The Duke elaborated, "I can't begin to imagine what it must have been like for her [Diana] going through this process by herself all those years ago, because it's been unbelievably tough for the two of us. But at least we have each other." As Winfrey pointed out, the Sussexes were in what they felt was an "un-survivable" situation, thanks to near-constant negative attention from the British tabloids — with both racist and sexist stories aimed at Meghan. Most people assumed she and Harry defected the royal family to live a more private life, which has led commentators such as Piers Morgan to relentlessly criticize the Sussexes for being hypocritical. However, an insider claims they were misrepresented from the beginning.
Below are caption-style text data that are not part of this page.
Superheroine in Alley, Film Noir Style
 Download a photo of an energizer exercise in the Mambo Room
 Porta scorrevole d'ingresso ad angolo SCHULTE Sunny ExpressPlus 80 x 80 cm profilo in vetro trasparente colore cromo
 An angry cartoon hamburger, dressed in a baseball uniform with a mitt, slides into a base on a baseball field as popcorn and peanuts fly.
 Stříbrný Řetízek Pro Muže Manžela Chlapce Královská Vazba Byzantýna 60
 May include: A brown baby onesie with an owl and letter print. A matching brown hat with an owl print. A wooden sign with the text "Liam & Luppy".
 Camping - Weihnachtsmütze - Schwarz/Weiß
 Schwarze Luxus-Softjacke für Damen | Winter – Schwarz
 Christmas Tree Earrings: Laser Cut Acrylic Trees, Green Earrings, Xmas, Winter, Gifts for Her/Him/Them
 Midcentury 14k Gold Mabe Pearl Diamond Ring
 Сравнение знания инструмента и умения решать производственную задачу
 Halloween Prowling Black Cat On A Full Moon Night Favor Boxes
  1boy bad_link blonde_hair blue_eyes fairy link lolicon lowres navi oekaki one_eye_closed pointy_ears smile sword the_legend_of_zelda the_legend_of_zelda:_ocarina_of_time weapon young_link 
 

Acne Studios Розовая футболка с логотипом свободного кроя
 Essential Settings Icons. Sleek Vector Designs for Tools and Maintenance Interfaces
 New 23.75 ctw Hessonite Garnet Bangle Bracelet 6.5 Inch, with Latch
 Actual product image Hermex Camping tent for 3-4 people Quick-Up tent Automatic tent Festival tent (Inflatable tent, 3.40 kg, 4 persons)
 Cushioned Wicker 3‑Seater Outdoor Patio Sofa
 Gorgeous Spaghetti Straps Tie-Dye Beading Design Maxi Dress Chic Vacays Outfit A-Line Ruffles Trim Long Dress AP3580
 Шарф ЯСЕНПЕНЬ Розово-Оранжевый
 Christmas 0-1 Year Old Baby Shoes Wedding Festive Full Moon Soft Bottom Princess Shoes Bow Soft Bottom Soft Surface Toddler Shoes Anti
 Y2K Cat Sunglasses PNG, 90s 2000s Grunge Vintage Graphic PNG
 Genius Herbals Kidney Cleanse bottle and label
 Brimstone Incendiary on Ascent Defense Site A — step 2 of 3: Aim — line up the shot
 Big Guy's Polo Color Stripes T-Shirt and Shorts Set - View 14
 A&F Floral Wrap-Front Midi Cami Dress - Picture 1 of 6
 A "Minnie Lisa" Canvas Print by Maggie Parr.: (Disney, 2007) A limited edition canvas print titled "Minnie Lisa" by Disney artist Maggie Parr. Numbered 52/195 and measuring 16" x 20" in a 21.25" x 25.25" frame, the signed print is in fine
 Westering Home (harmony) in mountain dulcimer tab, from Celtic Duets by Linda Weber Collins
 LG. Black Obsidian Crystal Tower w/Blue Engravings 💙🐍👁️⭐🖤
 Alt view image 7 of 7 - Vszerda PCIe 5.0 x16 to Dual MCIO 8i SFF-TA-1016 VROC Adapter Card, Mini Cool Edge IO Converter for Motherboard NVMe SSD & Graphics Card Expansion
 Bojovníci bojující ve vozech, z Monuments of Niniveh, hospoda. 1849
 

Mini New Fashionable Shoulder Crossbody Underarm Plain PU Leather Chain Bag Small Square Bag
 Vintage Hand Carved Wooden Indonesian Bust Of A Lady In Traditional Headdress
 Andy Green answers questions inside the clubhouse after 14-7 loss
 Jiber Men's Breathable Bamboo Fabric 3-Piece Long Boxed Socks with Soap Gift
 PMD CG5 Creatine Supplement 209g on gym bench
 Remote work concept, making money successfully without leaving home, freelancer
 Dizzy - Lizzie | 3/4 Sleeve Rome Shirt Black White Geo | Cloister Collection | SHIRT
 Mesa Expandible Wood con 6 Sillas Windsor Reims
Meghan and Harry's lawyer clarified their position

While appearing in BBC documentary "The Princes and the Press," lawyer Jenny Afia, who represents Prince Harry and Meghan Markle, clarified that the ongoing discussion over whether they genuinely desire privacy has no merit. 

Per Express, Afia explained, "It's not them that say they want privacy. It's something that the tabloids have said about them that has latched on." Rather, as Afia noted, the Sussexes "have taken steps when there have been blatant violations, unlawful violations of privacy." Further, the lawyer pointed out that just because Meghan and Harry have created boundaries, based on what is and isn't okay to share with the world, doesn't mean they're going to disappear from public view. "That's not how privacy works," Afia stated firmly. "Privacy is about the right to own and control what personal information you choose to share with somebody." 

Critics like Piers Morgan took issue with the couple leaving the royal family, ostensibly because of press intrusion, only to later sign lucrative deals with the likes of Netflix and Spotify. In fact, "The Princes and the Press" included a clip of Morgan railing against them on "Good Morning Britain" — the show from which he was fired after refusing to apologize for incendiary comments made live on air about the duchess. "Remember they quit the country for privacy [but] God we've hardly heard them shut up ever since," Morgan argued. 

And, in a rare move, the royal family released a statement condemning the new documentary — so that's what they think about that.